● Exercise prompt: Give the data below again exactly, and drop each picture from it.

● Source material:

- - -

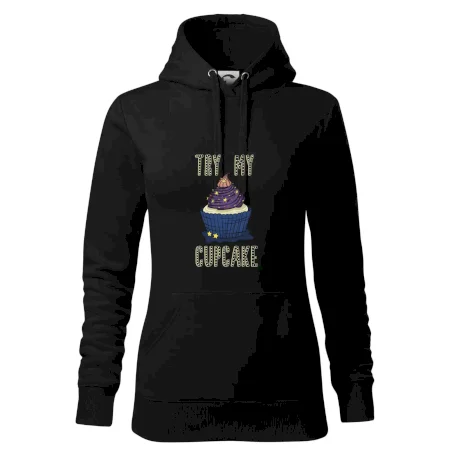 Try my cupcake (Radek Pilař ART)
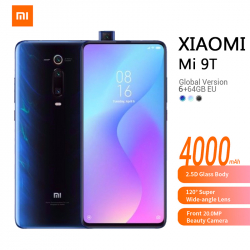 Chollo - Xiaomi mi 9T 4G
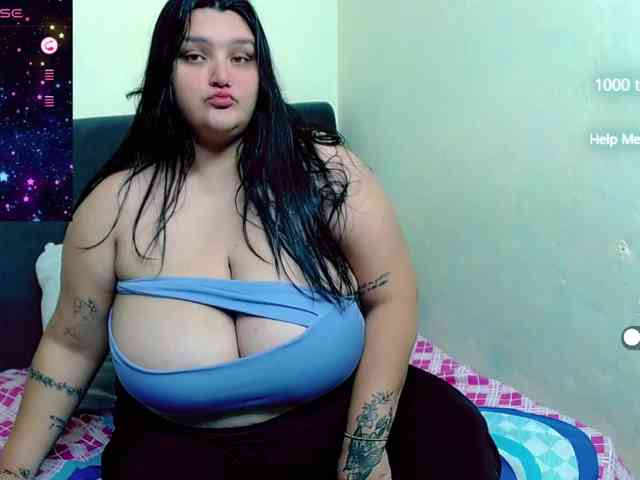 Jazmin-bigboobs1 webcam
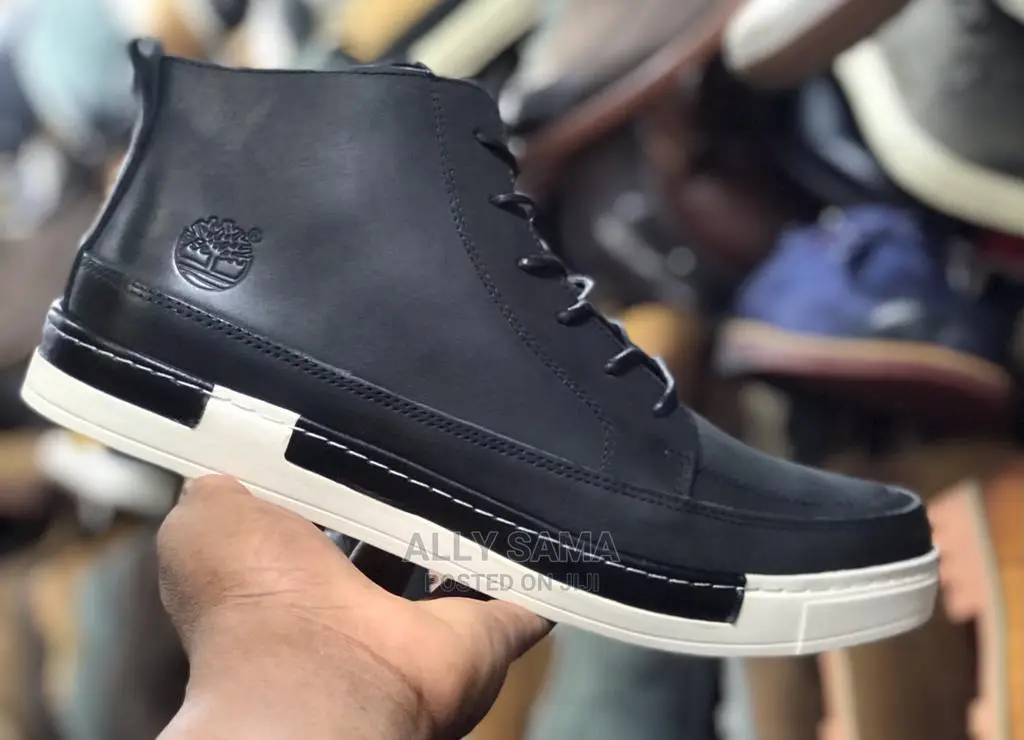 Timberland Brown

- - -

● Task output:
 Try my cupcake (Radek Pilař ART)
 Chollo - Xiaomi mi 9T 4G
 Jazmin-bigboobs1 webcam
 Timberland Brown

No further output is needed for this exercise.